We Did Find a Higgs Boson: Scientists

Though they're still not sure if it's a simple or more 'exotic' form of Higgs
By Kate Seamons,  Newser Staff
Posted Mar 14, 2013 5:33 AM CDT
Updated Mar 14, 2013 7:36 AM CDT
We Did Find a Higgs Boson: Scientists
The magnet core of the world's largest superconducting solenoid magnet, one of the experiments preparing to take data at CERN's Large Hadron Collider particle accelerator is seen, near Geneva.   (AP Photo/Keystone/Martial Trezzini, File)
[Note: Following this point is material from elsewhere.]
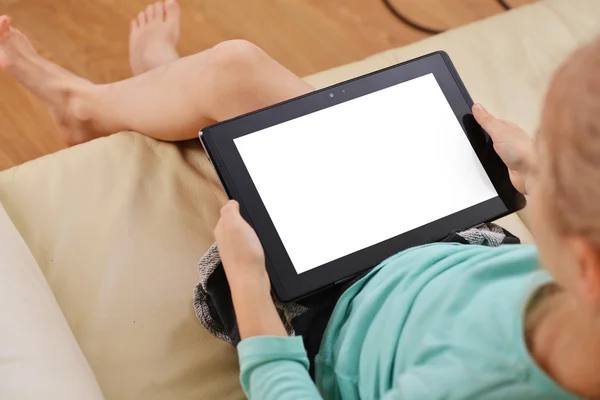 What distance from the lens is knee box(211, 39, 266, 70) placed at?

Just one week ago, scientists said they were achingly close to confirming that last July's discovery at the Large Hadron Collider was in fact the Higgs boson, and just had to eliminate one more possibility. They apparently did, because the AP reports that CERN today announced that "it is clear that we are dealing with a Higgs boson, though we still have a long way to go to know what kind of Higgs boson it is." As the BBC explains, scientists still need to determine if the subatomic particle is the simplest kind of Higgs or a more "exotic" form. (More Higgs boson stories.)

Get breaking news in your inbox.
What you need to know, as soon as we know it.
Sign up
Get the news faster.
Tap to install our app.
Install the Newser News app
in two easy steps:
1. Tap in your navigation bar.
2. Tap to Add to Home Screen.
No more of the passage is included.